Compounds of natural origin such as topotecan, irinotecan, etoposide, teniposide and paclitaxil are widely employed in clinical trials as chemotherapeutic agents (22). Therefore, the evaluation of natural compounds with anticancer properties has been considered to play an important role in the development of anticancer drug. The present study focused on the anticancer effects of HNK, a pharmacologically active component found in the traditional Chinese medicinal herb, Magnolia species. Previous studies have demonstrated the anticancer properties of HNK, including cell cycle arrest, apoptosis and necrosis in a variety of cancer cell lines such as human breast cancer (23), human colorectal carcinoma RKO (24), human squamous lung cancer CH27 (15), human pancreatic cancer (25), adult T-cell leukemia (26) and hepatocellular carcinoma cells (27). This suggests that HNK may be involved in the apoptotic pathway. However, the exact mechanism underlying the anticancer activity of HNK remains unclear.

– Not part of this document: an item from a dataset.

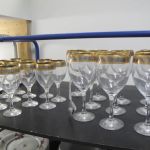 628 5492 GLASS SET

In this study, our findings along with the findings of previous research, suggest that HNK may induce apoptosis in human MPM cells. In this study, the apoptotic effects of HNK on MSTO-211H cells were examined through an MTS assay. This assay, a traditional method for discovering anticancer drugs, can be used to determine the cytotoxic effect and proliferation of cell lines (28,29). In this study, this assay was used to elucidate the apoptotic effects of HNK on MSTO-211H cells (Fig. 1).

As shown in Fig. 2, HNK inhibited the proliferation of MSTO-211H cells through cell cycle arrest at G0/G1 and induction of apoptosis.

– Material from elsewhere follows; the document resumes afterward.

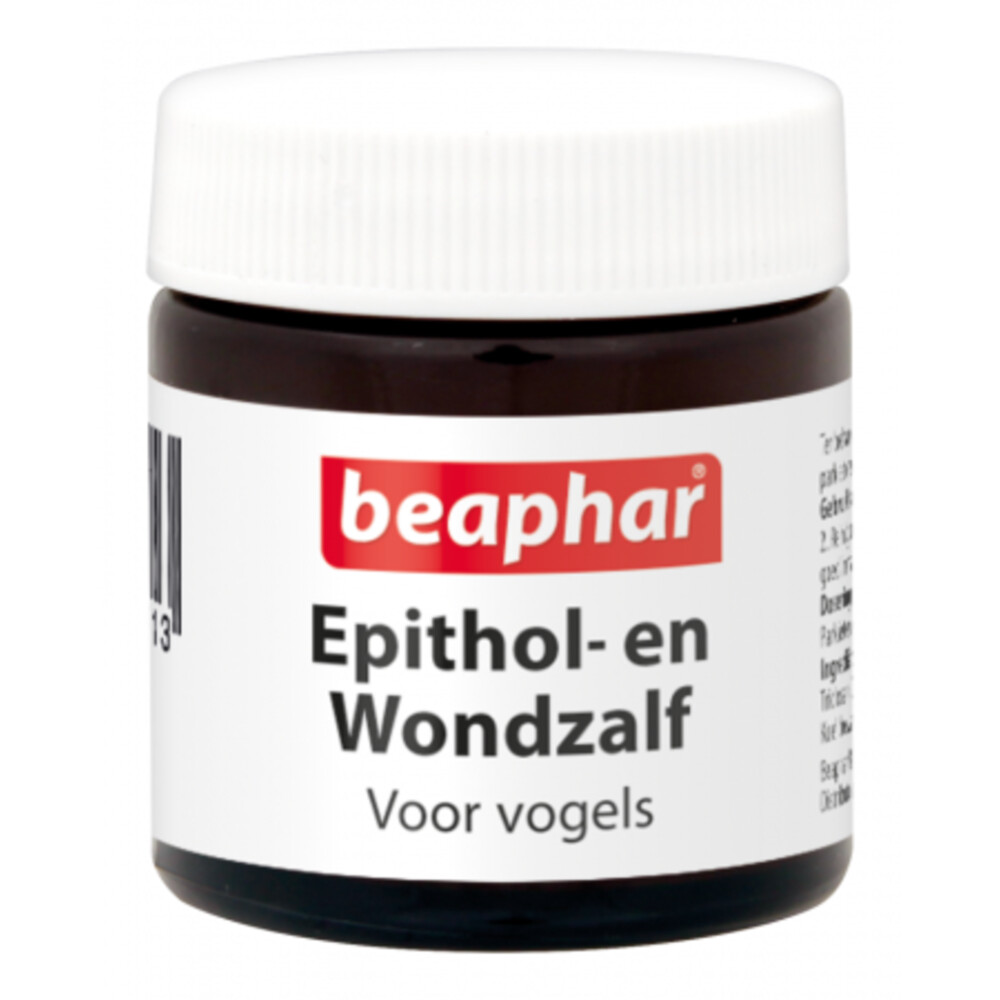 Beaphar Epithol-en Wondzalf 25 gr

Sp1, a transcription factor, is overexpressed in various human cancer cell lines (3034) and plays a role in the regulation of genes involved in most cellular processes (35). In this regard, Sp1 may exhibit transcriptional activity for promoters of genes involved in the progression, differentiation and oncogenesis of the cell cycle (19). In addition, Sp1 may be inhibited by compounds of natural origin with anticancer properties. For example, recent studies have demonstrated that flavonoids suppress Sp1 expression (36) and, thus, inhibit the known Sp1 target genes cyclin D1, Mcl-1 and survivin in a selective manner (3741). The results of the present study demonstrated the potential chemotherapeutic properties of HNK. That is, HNK suppressed Sp1 expression via direct interactions with Sp1, preventing Sp1 from binding to G-C-rich promoters. In addition, HNK inhibited the transcriptional activity and expression of Sp1 downstream proteins, including cyclin D1, Mcl-1 and survivin, in a dose-dependent manner (Figs. 4 and 5). HNK reduced Bid and Bcl-xL, increased Bax, and activated caspase-3 and PARP, suggesting that HNK regulated Sp1 and ultimately led to apoptotic cell death (Fig. 6).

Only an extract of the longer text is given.